Forums

Unfortunately no one can be told what FluxBB is - you have to see it for yourself.

You are not logged in.

#1 2010-05-20 12:28:24

Pierre
Member
From: Germany/Bonn
Registered: 2010-05-20
Posts: 50
Website

Improving performance for large topics

Hi,

if a topic has a lot of posts (like 20 thousand and more) fluxbb needs quite a long time to display the last pages. The reason is the usage of mysql's LIMIT with an offset. This is extremely inefficient. For example if I have aa thread with 40k posts fluxbb will do something like "SELECT *... LIMIT 40000, 25". Even if you only want to display the last 25 posts mysql will have to load the 40k previous ones.

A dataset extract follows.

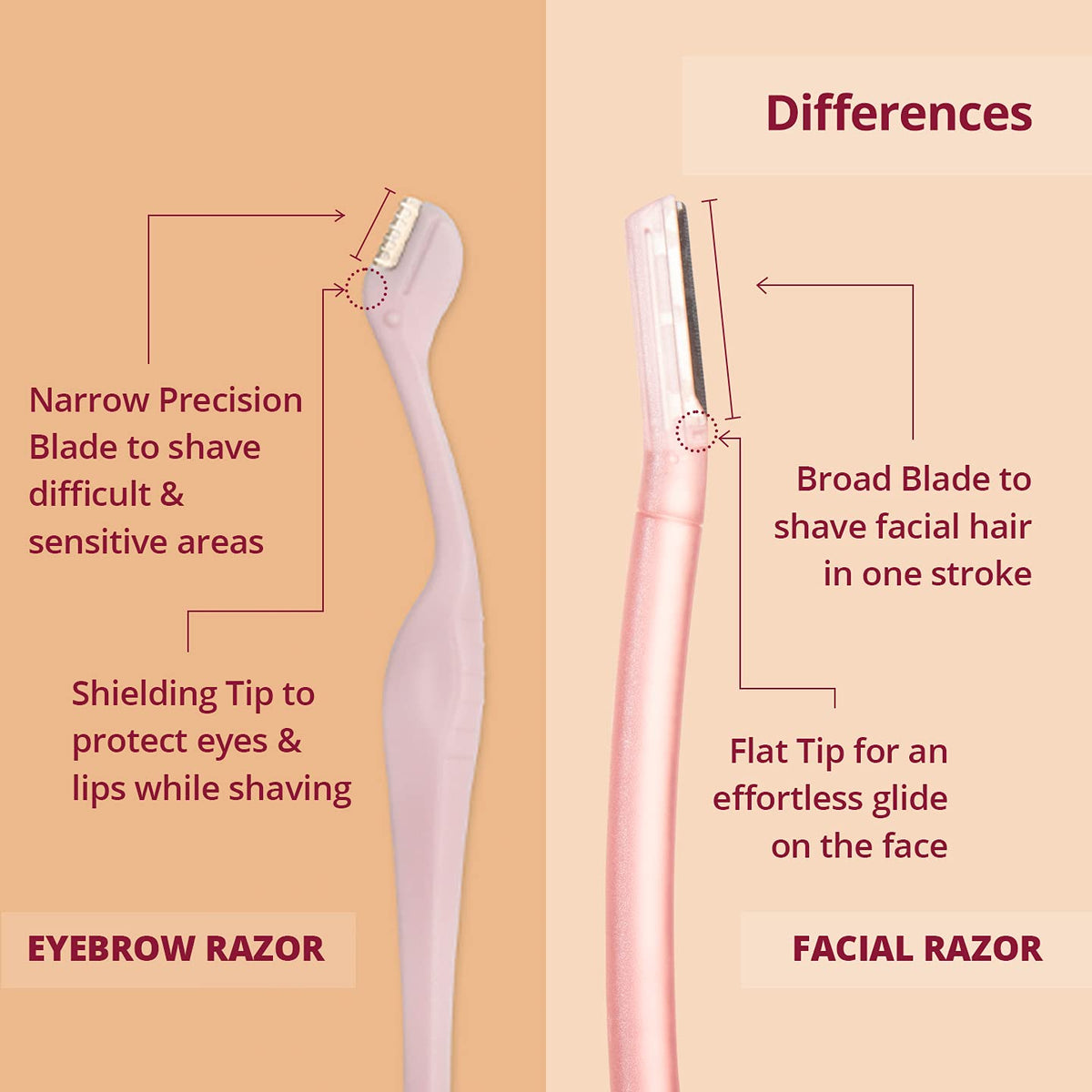 Carmesi Eyebrow Razor for Women | Precision Face Razor for Eyebrows, Upper Lip & Fine Facial Hair | Gentle Blade with Safety Tip | Painless Hair Removal | Pack of 3 Razors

The solution to this is quite simple: Just manually index your posts. For my forum I added a new column called count to each post entry which represents its position within the thread. First posting has 1, second 2, third 3 and so on. (don't forget to recount all posts if you delete a post from within a thread) You might need to create an mysql index for this column then.

Using this data structure you can replace the LIMIT usage with something like "SELECT * ... WHERE count BETWEEN 40000 AND 40025". This will result in a huge performance improvement and less load/ram usage. Using this method it doesn't really matter how many posts you have within one thread.

If wanted I could point you to an example thread; I also have the source code (but its a self written board not fluxbb; so might not be that helpful)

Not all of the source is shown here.